Your objective:
Extract exactly and only the lines of the data below, starting at the line with "a mirror that" and stopping after the final line.

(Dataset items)
☆ ☆ ☆ ☆ ☆

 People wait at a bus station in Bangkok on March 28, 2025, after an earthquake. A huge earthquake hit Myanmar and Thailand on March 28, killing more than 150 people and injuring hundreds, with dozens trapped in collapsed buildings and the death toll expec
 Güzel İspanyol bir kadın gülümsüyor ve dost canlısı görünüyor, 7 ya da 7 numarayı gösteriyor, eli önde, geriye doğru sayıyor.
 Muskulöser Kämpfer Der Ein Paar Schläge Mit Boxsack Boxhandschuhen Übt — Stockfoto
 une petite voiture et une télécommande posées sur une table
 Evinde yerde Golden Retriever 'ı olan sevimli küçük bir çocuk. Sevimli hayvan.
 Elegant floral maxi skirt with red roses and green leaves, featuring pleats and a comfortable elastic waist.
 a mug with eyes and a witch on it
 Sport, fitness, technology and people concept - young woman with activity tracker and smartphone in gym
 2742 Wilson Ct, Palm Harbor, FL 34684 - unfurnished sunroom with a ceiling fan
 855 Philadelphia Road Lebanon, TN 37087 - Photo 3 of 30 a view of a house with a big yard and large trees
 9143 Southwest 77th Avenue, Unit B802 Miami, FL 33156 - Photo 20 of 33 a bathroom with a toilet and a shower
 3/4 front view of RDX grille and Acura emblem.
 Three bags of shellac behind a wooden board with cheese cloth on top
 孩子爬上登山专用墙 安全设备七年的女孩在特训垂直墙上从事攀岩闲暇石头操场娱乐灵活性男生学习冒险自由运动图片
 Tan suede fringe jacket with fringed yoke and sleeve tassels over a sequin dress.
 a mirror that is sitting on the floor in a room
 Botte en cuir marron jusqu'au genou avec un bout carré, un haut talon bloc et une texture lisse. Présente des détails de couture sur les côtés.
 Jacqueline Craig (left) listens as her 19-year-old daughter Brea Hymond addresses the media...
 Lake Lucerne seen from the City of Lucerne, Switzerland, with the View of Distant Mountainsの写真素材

☆ ☆ ☆ ☆ ☆

Exercise response:
 a mirror that is sitting on the floor in a room
 Botte en cuir marron jusqu'au genou avec un bout carré, un haut talon bloc et une texture lisse. Présente des détails de couture sur les côtés.
 Jacqueline Craig (left) listens as her 19-year-old daughter Brea Hymond addresses the media...
 Lake Lucerne seen from the City of Lucerne, Switzerland, with the View of Distant Mountainsの写真素材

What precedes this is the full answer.